En cinq ans, la donne a changé. Le départ précipité, et dans de mauvaises conditions, de plusieurs collaborateurs de haut niveau a terni l’image de la patronne des patrons. Ces dernières semaines, plusieurs voix s’étaient exprimées, mettant en cause la capacité de Laurence Parisot à incarner l’ensemble du patronat. Ancien vice-président de l’organisation, aujourd’hui président du groupe de réassurance Scor, Denis Kessler, s’est surpassé. Peu habitué à mâcher ses mots, le penseur libéral avait lâché : « Quand les gens en France n’ont pas fait un bon mandat, ils veulent généralement en faire un second ». Surtout, l’UIMM n’a jamais pardonné à Laurence Parisot, présidente de l’institut de sondages IFOP, d’avoir succédé au « métallurgiste » qu’était Ernest-Antoine Seillière. Prête à torpiller la présidente à l’automne dernier, la puissante fédération a toutefois renoncé à présenter un candidat, peut-être pour éviter de braquer les projecteurs, en pleine crise économique, sur un patronat désuni. Deux autres candidatures, jugées peu sérieuses, ont également échoué. Le patron de PME, Thibault Lanxade, 39 ans, a finalement abandonné et la présidente du mouvement Ethic, Sophie de Menthon, a laissé passer le délai de candidature.
Juste après son élection, manifestement émue, Laurence Parisot semble comprendre la nécessité de rassembler les patrons, ceux des PME comme ceux du CAC 40, les libéraux comme les dirigistes, les provinciaux et les parisiens. Son discours, prononcé avant le vote, prend en compte cette réalité. Les très petites entreprises, présentées comme un « gisement de richesses futures », ont le mérite de « réconcilier chacun avec l’entreprise », assure Laurence Parisot. Pour faire bonne mesure, un passage de son discours s’attaque au « système abracadabrant » que constituent les lois sur les 35 heures. « Comment certains ont-ils pu croire que ce qui se faisait difficilement en 39 heures se ferait aisément en 35 ? » lance la présidente du Medef, en constatant, à l’intention du pouvoir actuel : « la réforme des 35 heures n’est pas achevée ». Le débat sur les retraites génère « un mensonge de la même farine », poursuit-elle. Ainsi, « il a plu à certains de nos compatriotes de croire pendant plus de trente ans que nous saurions défier les lois de la démographie ». Ces saillies, habituellement prisées par les adhérents du Medef, ne génèrent toutefois que quelques applaudissements polis. Au milieu du discours, le patron d’une fédération, en proie à l’ennui, envoie à un journaliste un SMS en forme de couperet : « des banalités, pas d’entrain ».

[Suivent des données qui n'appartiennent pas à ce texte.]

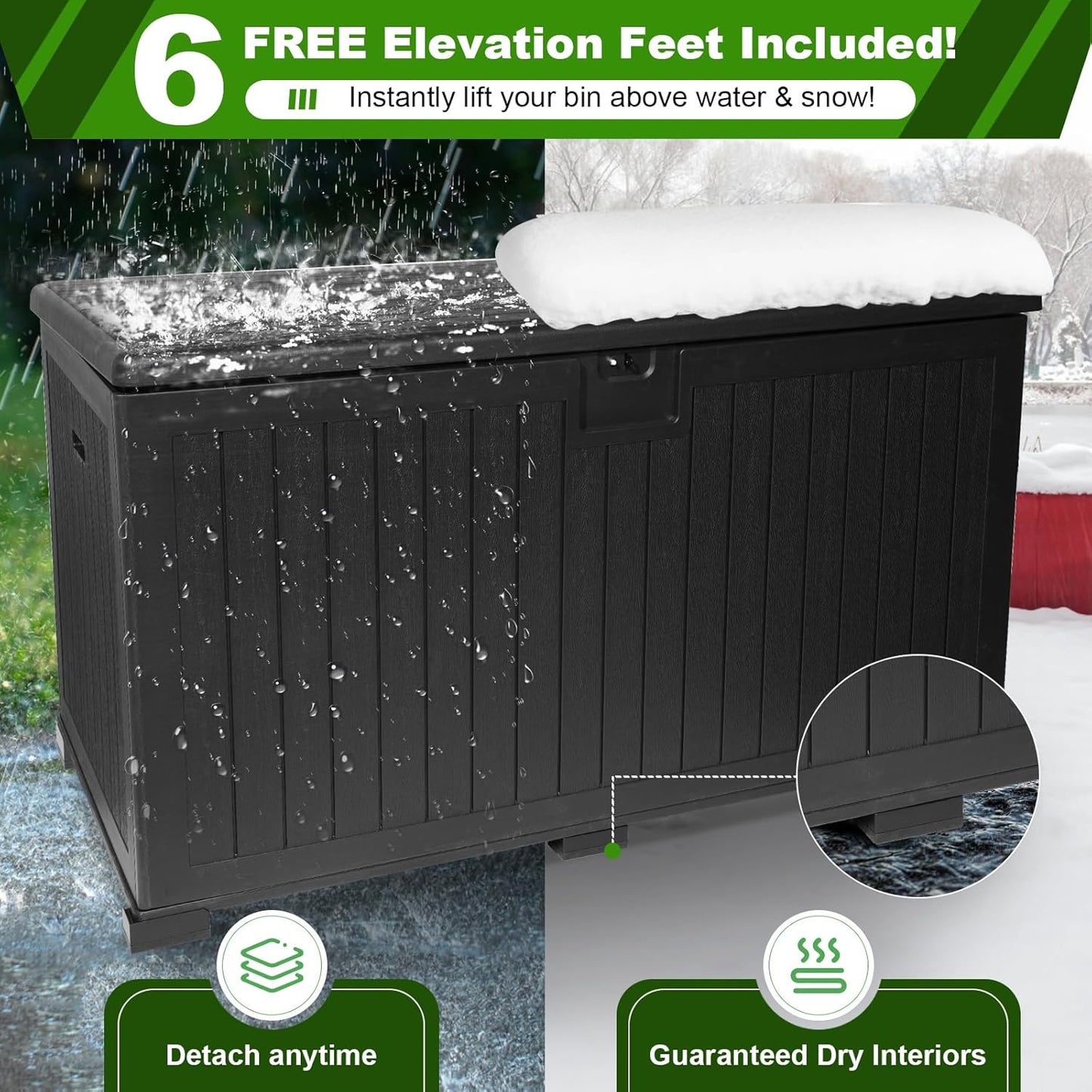 320 Gallon Outdoor Storage Box Waterproof, Extra Large Plastic Outside Deck Box Weatherproof, Resin Outdoor Cushion Storage Container with Lock and Lids for Cushion and Pool Equipment, Black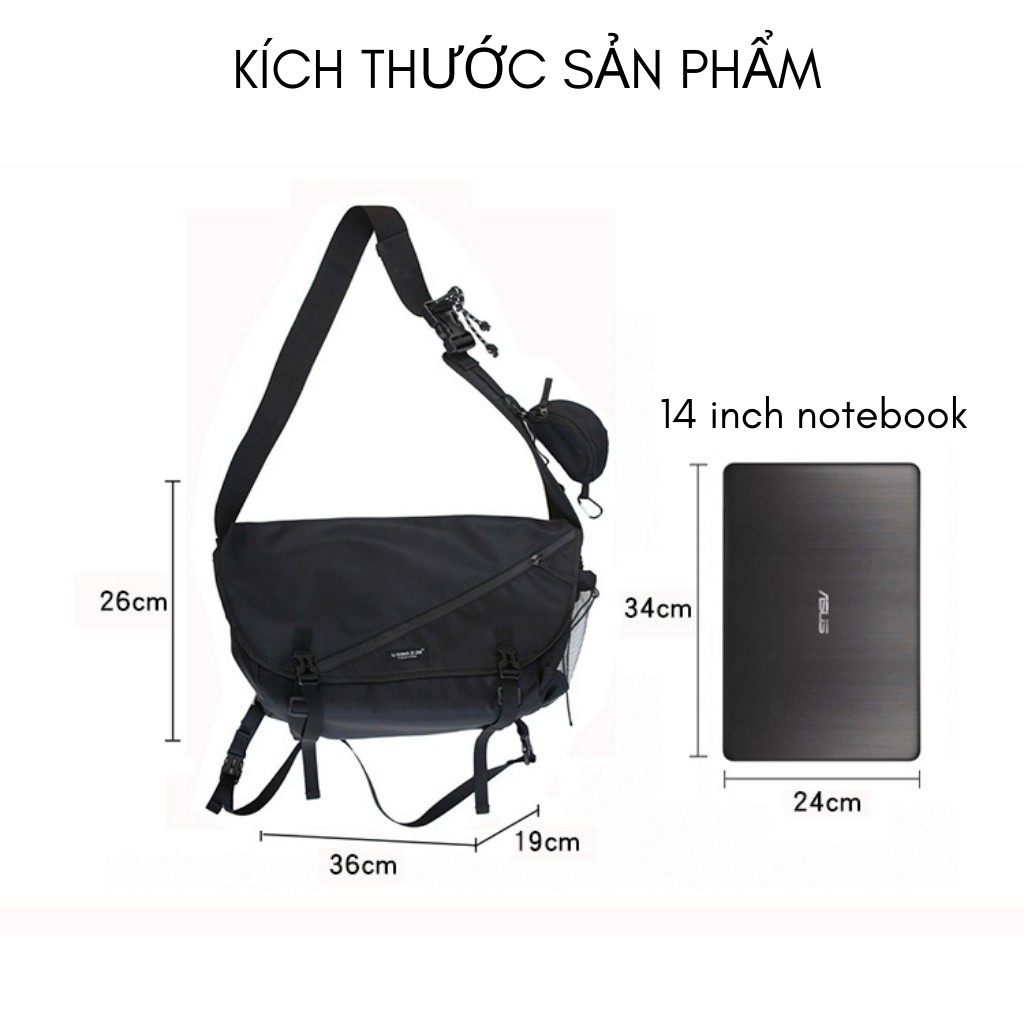 Túi Đeo Chéo Học Sinh Sinh Viên Đi Học Thời Trang Vải Chống Nước Nhiều Ngăn - TÚI BAGS Đựng Laptop | BigBuy360 - bigbuy360.vn
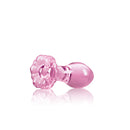 NS Novelties Crystal Flower Glass Anal Plug Pink showcasing its elegant design and smooth surface with a decorative flower accent.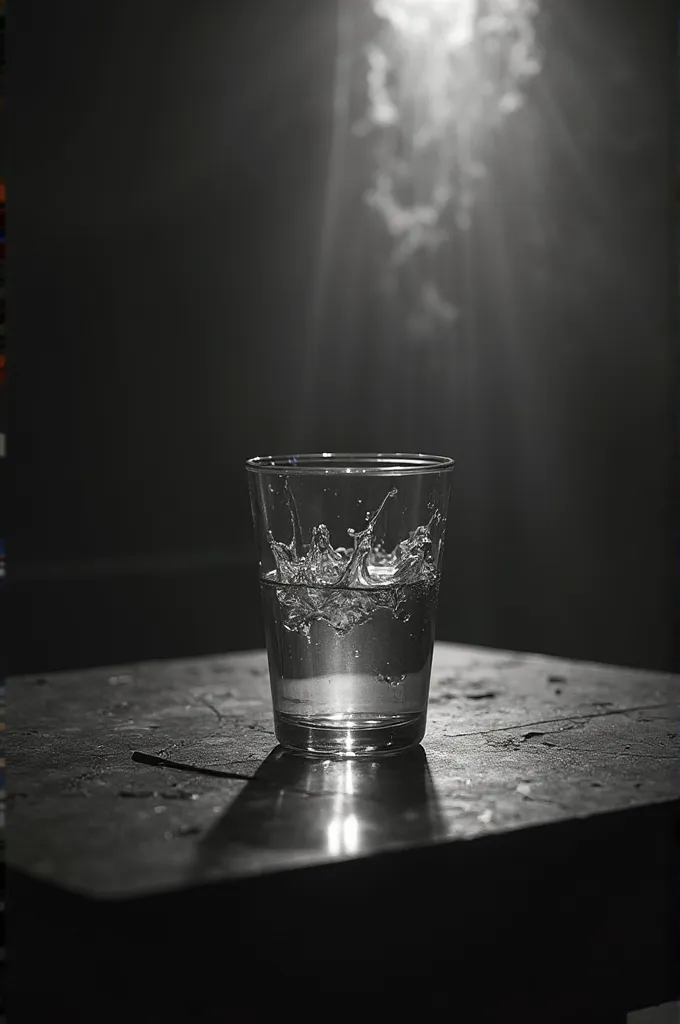 A glass of water on a table in black and white horror image
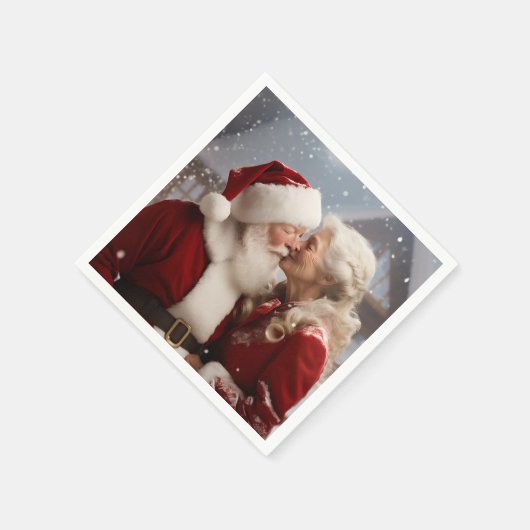 Serviette En Papier Embrasser M. et Mme Père Noël (Coin)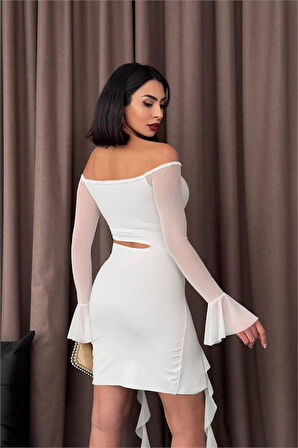 Dipmoda kadın halka detaylı tasarım elbise DPDF012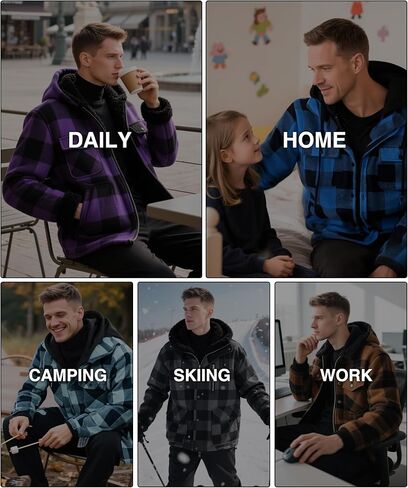 ZITY Mens Sherpa Flannel Shirt Jacket Plaid Fleece Lined Hoodie Full Zip Long Sleeve Winter Warm Coat for Men in Saudi Arabia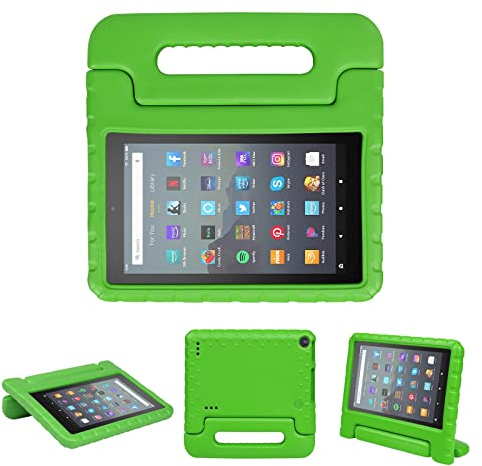 Kids Case for Fire 7 Inch Tablet 9th/7th/5th Generation Tablet (2019/2017/2015 Release) Kid-Proof & Shockproof Case Sturdy Soft Durable EVA Protective Cover with Convenient Handle,Green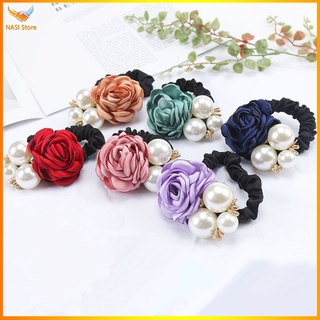 Dây buộc tóc nữ hoa hải đường đính ngọc - Set 6 dây cột tóc dễ thương, bền đẹp - NASI Store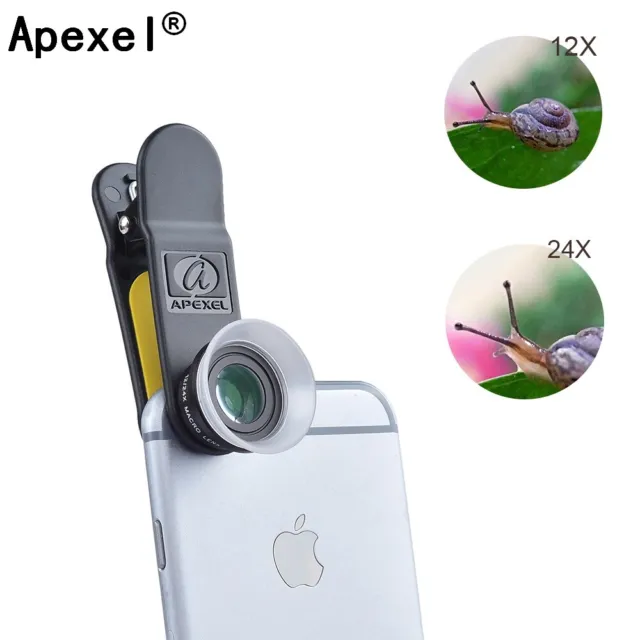 Apexel Universal 12x/24x Macro Phone Camera Lens Kit Clip On for iPhone Android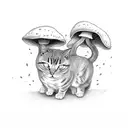 cat mushroom ghost tattoo design idea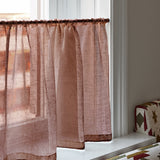 Sheer Linen Wave Ruffle Café Curtain - Terracotta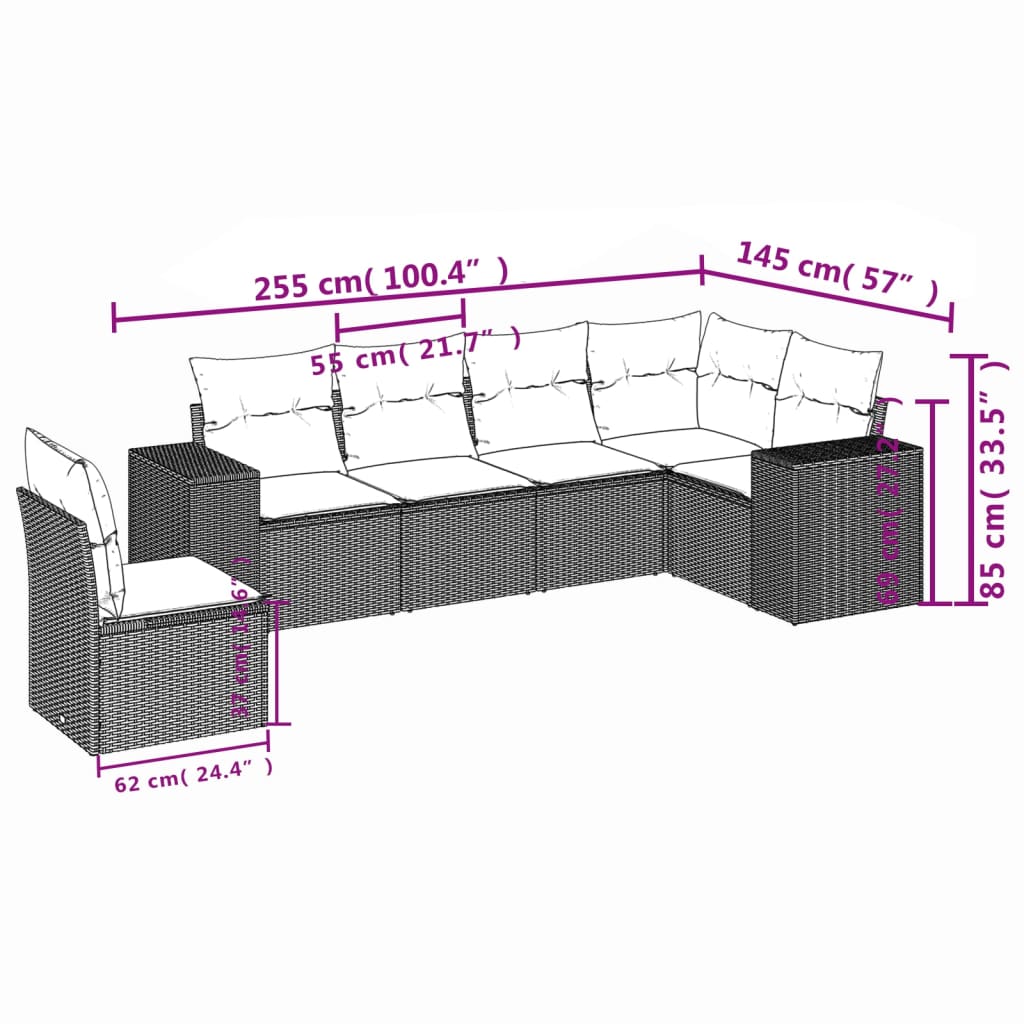 vidaXL 6 részes fekete polyrattan kerti ülőgarnitúra párnákkal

Risques de protectionnisme

La relative indifférence de son auditoire n’empêche pas Laurence Parisot de livrer son analyse de la crise actuelle. L’incertitude pourrait selon elle générer « des retombées nationalistes, protectionnistes et populistes ». La solution consiste, dès lors, à lutter contre « la tradition idéaliste » de la France et à maîtriser « les déficits et la dette » qui, « s’ils perduraient, nous conduiraient inévitablement à un appauvrissement collectif ». Toutefois, l’organisation patronale n’entend pas se laisser « abuser par le schéma simpliste » consistant à trancher entre « politique de relance » et « politique d’austérité ». Le vrai choix, ajoute Laurence Parisot, oppose « compétitivité » et « marasme ».
Réélue, conformément aux statuts du Medef, pour un mandat de trois ans succédant à son premier mandat de cinq ans, la présidente esquisse, dans son propos, une ébauche de programme pour les années à venir. La « compétitivité équitable », nouveau credo, consiste à « promouvoir l’égalité des chances entre entreprises de différents pays », mais également « entre les générations ». La patronne des patrons promet aussi son implication dans la campagne électorale de 2012, comme elle l’avait fait en 2007. Personne ne lui demande qui elle soutiendra ni comment. Mais à presque deux ans de l’échéance, à peine réélue, elle fait savoir qu’Eric Woerth fait « un excellent ministre du Travail ».